In its mid-year strategy report, VNDirect Securities stated that net selling pressure decreased significantly in Quarter II to 13,900 billion VND, compared to 25,900 billion VND in Quarter I. In May, foreign investors bought stocks thanks to renewed confidence in the global trade outlook, efforts to promote bilateral trade negotiations, and a positive macroeconomic environment.
According to The Minh, this is a positive sign, suggesting that foreign investors are gradually shedding their concerns about policy and geopolitical instability. They are willing to divest from highly valued technology stocks in the US to seek more attractive investment opportunities in frontier and emerging markets, including Vietnam.
He believes that a shift to a sustained net buying trend could occur in October or November of this year. This forecast is based on the assumption that the Fed will cut interest rates once or twice towards the end of the year, helping to narrow the yield gap between the USD and the Vietnamese dong.
Sharing this view, Nhung added that, in addition to reduced exchange rate pressure, the Vietnamese stock market has another factor that could attract foreign capital in the final months of the year: the possibility of a market upgrade.

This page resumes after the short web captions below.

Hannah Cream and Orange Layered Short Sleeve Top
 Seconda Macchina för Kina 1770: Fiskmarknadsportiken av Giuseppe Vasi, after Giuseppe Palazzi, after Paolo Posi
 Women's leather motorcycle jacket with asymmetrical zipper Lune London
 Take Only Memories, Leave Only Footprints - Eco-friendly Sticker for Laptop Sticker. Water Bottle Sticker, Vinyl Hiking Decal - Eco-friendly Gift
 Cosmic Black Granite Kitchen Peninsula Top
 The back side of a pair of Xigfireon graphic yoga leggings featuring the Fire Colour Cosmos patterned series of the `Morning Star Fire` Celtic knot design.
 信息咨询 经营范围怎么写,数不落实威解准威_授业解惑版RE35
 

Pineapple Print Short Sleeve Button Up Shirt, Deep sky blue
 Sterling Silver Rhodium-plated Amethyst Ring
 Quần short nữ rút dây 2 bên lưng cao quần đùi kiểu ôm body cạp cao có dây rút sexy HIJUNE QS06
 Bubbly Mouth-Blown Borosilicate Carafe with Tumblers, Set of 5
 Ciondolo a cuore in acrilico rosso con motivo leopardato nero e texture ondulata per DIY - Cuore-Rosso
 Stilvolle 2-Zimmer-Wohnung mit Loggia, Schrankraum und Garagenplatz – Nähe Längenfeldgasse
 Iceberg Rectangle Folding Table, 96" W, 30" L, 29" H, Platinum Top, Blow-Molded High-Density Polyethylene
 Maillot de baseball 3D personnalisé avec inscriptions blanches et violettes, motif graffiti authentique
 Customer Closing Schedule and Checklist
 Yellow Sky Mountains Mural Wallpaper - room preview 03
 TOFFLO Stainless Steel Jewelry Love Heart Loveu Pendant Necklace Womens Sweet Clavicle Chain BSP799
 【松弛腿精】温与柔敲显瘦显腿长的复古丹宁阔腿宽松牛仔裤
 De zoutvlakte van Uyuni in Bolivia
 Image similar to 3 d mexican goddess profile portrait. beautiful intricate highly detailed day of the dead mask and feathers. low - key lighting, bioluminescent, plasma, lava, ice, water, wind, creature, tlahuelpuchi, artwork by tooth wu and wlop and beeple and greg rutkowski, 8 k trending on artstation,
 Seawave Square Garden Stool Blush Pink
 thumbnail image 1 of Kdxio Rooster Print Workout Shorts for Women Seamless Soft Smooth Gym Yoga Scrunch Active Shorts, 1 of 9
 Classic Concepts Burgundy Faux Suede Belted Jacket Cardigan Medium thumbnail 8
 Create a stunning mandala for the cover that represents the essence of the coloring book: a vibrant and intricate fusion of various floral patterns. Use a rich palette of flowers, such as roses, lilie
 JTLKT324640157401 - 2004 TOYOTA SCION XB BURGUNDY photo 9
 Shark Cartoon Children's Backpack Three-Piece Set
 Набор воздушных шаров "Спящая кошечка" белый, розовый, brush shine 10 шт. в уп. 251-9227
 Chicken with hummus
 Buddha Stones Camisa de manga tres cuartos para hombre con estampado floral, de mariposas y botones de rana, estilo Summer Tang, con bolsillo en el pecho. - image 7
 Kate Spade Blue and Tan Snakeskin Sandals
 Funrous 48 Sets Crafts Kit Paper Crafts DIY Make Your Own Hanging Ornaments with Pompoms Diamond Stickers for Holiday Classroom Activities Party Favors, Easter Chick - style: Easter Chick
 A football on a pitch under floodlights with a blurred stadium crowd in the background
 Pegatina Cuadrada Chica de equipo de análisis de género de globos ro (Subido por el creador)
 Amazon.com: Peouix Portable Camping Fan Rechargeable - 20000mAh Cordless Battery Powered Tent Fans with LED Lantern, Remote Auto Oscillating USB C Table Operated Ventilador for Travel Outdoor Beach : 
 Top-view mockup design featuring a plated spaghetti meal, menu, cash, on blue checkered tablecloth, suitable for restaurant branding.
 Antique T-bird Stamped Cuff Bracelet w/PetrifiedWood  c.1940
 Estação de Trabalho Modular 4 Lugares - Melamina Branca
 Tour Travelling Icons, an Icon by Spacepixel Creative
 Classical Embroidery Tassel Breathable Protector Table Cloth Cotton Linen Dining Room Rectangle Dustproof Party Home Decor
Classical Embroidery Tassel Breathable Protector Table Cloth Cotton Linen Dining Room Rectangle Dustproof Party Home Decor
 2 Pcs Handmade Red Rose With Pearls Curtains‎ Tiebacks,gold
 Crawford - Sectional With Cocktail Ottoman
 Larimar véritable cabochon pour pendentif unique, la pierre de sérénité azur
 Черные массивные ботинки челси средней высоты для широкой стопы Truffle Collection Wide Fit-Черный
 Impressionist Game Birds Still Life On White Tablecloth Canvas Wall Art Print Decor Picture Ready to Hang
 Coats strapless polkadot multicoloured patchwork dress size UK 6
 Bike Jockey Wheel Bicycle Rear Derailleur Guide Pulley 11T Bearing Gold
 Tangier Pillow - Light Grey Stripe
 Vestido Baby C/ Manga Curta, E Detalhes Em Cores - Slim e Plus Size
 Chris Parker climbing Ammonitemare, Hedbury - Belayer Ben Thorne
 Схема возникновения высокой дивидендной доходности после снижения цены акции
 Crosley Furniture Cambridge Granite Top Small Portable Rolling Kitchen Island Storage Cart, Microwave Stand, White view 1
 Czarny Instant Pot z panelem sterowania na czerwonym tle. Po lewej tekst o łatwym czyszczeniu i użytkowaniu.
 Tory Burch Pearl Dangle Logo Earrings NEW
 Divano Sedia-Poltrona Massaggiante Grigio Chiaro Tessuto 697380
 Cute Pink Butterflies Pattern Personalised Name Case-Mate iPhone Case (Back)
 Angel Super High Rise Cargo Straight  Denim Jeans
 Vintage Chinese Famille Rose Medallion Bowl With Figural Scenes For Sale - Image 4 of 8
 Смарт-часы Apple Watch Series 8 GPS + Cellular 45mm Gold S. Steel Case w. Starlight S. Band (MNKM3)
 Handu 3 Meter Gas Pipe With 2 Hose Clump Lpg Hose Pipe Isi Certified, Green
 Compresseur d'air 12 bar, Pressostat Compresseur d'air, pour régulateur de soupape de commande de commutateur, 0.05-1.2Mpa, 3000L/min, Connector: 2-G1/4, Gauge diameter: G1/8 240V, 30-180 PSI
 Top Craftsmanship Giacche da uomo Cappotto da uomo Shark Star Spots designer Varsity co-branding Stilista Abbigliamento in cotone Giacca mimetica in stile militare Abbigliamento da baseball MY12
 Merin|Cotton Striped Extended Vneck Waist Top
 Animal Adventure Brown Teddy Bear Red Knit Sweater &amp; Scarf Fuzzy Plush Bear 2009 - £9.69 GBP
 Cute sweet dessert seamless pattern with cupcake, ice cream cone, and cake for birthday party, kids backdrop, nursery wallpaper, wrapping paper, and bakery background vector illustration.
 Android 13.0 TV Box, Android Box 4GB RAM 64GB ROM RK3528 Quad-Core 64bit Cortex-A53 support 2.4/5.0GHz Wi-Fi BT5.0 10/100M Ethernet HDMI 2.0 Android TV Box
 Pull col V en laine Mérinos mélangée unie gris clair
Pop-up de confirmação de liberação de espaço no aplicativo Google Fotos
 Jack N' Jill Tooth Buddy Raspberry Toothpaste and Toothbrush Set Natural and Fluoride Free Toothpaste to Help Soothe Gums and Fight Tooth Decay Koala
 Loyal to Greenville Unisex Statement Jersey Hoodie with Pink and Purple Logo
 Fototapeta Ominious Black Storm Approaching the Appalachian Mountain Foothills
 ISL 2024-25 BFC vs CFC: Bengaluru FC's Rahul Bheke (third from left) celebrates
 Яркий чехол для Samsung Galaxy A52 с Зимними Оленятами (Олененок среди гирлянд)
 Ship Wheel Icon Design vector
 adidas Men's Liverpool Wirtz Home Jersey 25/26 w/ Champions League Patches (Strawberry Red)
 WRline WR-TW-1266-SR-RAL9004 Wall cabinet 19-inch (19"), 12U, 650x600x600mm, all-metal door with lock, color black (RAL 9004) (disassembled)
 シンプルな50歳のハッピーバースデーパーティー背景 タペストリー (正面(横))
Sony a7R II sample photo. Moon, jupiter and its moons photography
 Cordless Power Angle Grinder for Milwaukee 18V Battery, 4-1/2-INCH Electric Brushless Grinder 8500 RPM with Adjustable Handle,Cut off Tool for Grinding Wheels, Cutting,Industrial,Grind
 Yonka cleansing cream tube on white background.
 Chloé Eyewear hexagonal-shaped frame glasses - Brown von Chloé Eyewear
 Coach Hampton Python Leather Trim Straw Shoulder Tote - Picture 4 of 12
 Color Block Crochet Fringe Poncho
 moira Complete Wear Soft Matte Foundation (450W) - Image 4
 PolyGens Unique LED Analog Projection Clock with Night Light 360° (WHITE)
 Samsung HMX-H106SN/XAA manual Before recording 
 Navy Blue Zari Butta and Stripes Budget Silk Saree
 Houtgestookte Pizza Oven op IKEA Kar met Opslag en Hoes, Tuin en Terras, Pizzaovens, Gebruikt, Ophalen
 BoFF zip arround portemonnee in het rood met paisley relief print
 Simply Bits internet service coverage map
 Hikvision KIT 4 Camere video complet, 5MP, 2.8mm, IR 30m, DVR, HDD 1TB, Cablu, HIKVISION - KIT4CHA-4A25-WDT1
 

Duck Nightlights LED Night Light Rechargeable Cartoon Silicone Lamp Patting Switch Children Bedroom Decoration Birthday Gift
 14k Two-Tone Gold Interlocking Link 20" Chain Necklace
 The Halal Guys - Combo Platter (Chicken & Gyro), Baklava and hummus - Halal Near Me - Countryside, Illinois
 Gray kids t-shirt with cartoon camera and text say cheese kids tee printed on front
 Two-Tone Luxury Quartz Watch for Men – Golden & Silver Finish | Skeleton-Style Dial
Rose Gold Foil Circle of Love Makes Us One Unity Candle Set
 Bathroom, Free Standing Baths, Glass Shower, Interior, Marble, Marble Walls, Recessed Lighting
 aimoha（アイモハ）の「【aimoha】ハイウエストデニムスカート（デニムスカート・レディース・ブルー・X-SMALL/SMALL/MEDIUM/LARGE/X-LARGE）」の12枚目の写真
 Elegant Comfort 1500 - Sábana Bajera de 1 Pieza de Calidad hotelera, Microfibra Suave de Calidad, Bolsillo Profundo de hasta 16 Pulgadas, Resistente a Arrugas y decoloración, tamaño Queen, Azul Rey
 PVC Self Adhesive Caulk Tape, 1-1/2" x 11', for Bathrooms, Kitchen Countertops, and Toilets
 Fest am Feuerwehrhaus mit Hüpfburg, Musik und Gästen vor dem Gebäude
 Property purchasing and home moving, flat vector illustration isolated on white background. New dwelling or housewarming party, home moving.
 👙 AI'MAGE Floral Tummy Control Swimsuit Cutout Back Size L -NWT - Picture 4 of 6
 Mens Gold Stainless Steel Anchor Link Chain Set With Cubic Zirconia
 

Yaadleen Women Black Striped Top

Nhung cited the example of the State Securities Commission (SSC) chairman expressing hopes for a market upgrade in the September evaluation period, which triggered an immediate positive reaction from foreign investors. In the first three trading sessions of July, they net bought over 2,800 billion VND. The stocks that saw strong inflows were mainly in the securities and banking sectors, such as SSI, MWG, CTG, HCM, and VCI.